Max Hooper. Mr. Hooper, who has been an independent member of our board of directors since August 16, 2017, serves as Managing Director of Merging Traffic, a web-based crowdsourcing portal, since September 2015 and Head of Investment Banking and Senior Vice President of Triloma Securities, a subsidiary of Triloma Financial Group LLC, since January 2016. Dr. Hooper is also the founder and owner of Partners Advisory Group and Partners Capital Group, two financial advisory firms since January 2014. Since February 2018, Dr. Hooper’s primary focus has been as Managing Director/CEO of Managing Traffic and co-owner of Triloma Financial Group. Prior to that, Dr. Hooper was co-founder of Equity Broadcasting Corporation, a media company that owned and operated more than one hundred television stations across the United States. Dr. Hooper is an accomplished entrepreneur and has started multiple businesses in technology/internet, lodging, and services industries. Dr. Hooper has served on the investment committee of several venture capital and angel funds, and has completed “work out” transactions as a Certified Debt Arbitrator representing banks and private transactions. Dr. Hooper also has prior experience with SPACs such as transaction structuring, administration, research, and execution. Dr. Hooper has earned five doctorate degrees from a variety of institutions.

 

We believe Dr. Hooper’s expertise in investment, management and mergers and acquisitions over various industries qualify him to serve on our board of directors.

 

Frank Leavy. Mr. Leavy has been an independent member of our board of directors since August 16, 2017. Since 2007, Mr. Leavy has been the Senior Vice President and Director of Finance and Administration for Blake’s All Natural Foods, a manufacturer of “better for you” frozen entrees. Prior to that, he held various financial officer positions at member companies of Group Rossignol, a world leading company in the winter sports industry. Specifically, he was Controller of Rossignol Ski Company from 1982 to 2006 and Vice President of Finance of Skis Dynastar, Inc. and Skis Dynastar Canada from 2000 to 2006. He also served as Chief Operating Officer at Roger Cleveland Golf Company, a subsidiary of Group Rossignol from 1999 to 2000 and was elected a director of the company from 2003 to 2005. Mr. Leavy holds a Bachelor of Arts degree from the College of the Holy Cross and a Master of Science degree in accounting from the Graduate School of Professional Accounting at Northeastern University.

 

We believe Mr.

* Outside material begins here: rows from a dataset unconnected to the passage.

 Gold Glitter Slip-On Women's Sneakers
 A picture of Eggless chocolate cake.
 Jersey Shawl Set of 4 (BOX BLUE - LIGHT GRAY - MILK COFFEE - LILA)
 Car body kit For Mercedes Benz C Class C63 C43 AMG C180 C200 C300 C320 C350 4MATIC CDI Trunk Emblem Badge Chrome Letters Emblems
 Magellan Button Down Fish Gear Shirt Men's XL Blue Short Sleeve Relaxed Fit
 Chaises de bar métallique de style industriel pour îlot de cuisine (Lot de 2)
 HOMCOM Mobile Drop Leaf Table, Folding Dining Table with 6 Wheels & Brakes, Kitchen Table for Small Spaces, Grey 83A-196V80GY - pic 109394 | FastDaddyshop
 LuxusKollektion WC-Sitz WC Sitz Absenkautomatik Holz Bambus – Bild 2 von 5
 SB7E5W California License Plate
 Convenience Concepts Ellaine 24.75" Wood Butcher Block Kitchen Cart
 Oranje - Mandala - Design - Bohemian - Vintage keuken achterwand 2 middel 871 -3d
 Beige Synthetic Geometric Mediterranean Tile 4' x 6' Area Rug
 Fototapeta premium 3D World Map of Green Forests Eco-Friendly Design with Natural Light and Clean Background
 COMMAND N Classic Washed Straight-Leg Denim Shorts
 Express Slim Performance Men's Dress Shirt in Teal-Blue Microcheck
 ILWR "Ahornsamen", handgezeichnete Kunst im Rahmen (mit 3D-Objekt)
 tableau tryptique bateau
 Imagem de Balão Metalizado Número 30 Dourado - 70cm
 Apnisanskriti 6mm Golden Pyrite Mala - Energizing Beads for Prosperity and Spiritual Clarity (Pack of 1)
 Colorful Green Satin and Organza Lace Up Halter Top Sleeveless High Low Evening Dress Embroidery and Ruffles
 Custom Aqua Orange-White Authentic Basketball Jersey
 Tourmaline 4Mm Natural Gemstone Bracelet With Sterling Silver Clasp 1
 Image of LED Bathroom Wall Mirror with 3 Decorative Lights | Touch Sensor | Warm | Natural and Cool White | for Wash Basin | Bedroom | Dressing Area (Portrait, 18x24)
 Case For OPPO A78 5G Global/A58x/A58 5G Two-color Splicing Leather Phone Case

Leavy’s extensive experience in corporate finance qualify him to serve on our board of directors.

 

Edward Leonard Jaroski. Mr. Jaroski has been an independent member of our board of directors since October 2017. Mr. Jaroski was the founder of Fixed Income Portfolio Manager at Capstone Asset Management Company and has served as its President and Chief Executive Officer since 1987. Mr. Jaroski has been Chairman, Chief Executive Officer and President of various Capstone/Steward Funds in the fund complex from 1987 through 2016. Mr. Jaroski was at Tenneco Financial Services from 1981 to 1987, where he was the Executive Vice President. He started his career at Philadelphia Life Insurance Company as Manager of Investments in 1969, where he served until 1981 and also served as its Vice President of Finance. He also served as a Director of Philadelphia Life Asset Management Company. Mr. Jaroski holds the insurance industry professional designations of Chartered Life Underwriter, Charter Financial Consultant and Fellow Life Management Institute. He holds a B.B.A. degree in Accounting from Temple University.

 

We believe Mr. Jaroski’s experience in investments and asset management qualify him to serve on our board of directors.

 

William H. Herrmann, Jr. Mr. Herrmann has been an independent member of our board of directors since October 2017. Mr. Herrmann has over 40 years of experience in financial services, and insurance and investment planning industries. Presently, Mr. Herrmann is the Owner of Herrmann & Associates, a financial services firm affiliated with Hudson Heritage Capital Management Inc., a Registered Investment Advisor since February 15, 2006. Mr. Herrmann has also served as Director of Steward Funds, since 2011, and presently serves as its lead independent director. Mr. Herrmann serves as the Chairman of the Nominating and Corporate Governance Committee of Steward Funds. He previously served as the Chairman of the Contracts Committee of Steward Funds. Mr. Herrmann is also a Director of Church Capital Fund, where he serves as the Chairman of the Nominating and Corporate Governance Committees. Mr. Herrmann is also a Trustee of LuLu Shriners Investment Advisory Committee and the Chairman of Beta Rho Property Company. Mr. Herrmann holds a B.A. from the University of Pennsylvania, and an MBA from Temple University, and holds the Chartered Life Underwriter (CLU) designation from American College. Mr. Herrmann holds Series 7, 63, and 65 securities licenses as well as insurance licenses in multiple states.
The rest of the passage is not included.